Data segment:
=== Begin Enclosure ===

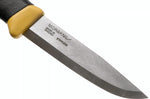 Couteau Mora Companion Spark 13573 lame inox 10,4cm manche caoutchouc jaune sable avec pierre à feu et cordon + étui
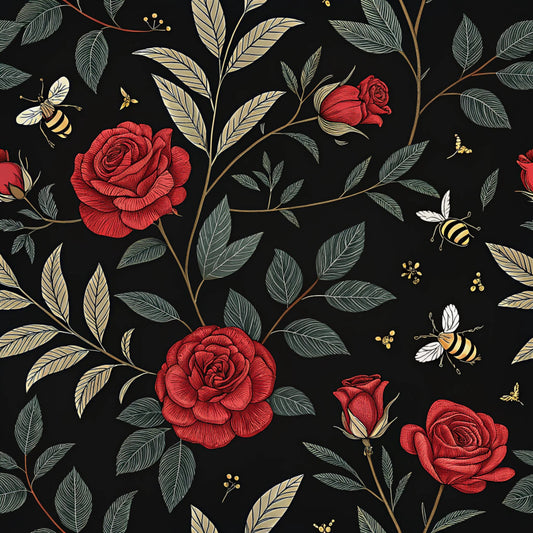 Red Roses and Bees Pattern 21 Quilting Cotton Fabric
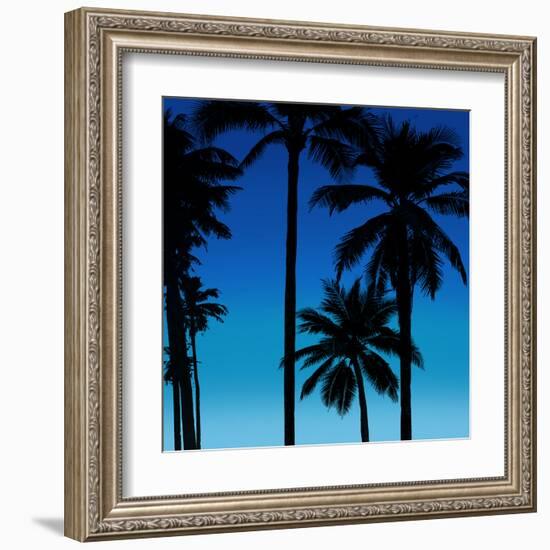 Palms Black on Blue II-Mia Jensen-Framed Art Print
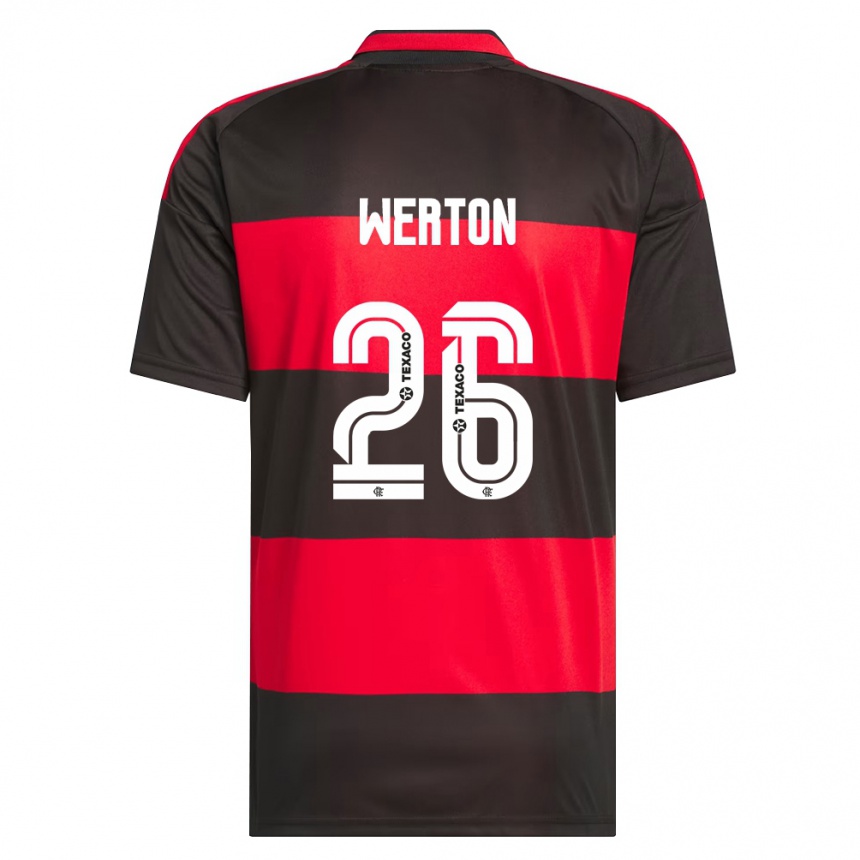 ילדים כדורגל Werton #26 אדום שחור לבן ג'רזי ביתית 2026/27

=== End Enclosure ===

Task to complete: Please reproduce the material above word for word, without its images.

Task response:
 Couteau Mora Companion Spark 13573 lame inox 10,4cm manche caoutchouc jaune sable avec pierre à feu et cordon + étui
 Red Roses and Bees Pattern 21 Quilting Cotton Fabric
 Palms Black on Blue II-Mia Jensen-Framed Art Print
 ילדים כדורגל Werton #26 אדום שחור לבן ג'רזי ביתית 2026/27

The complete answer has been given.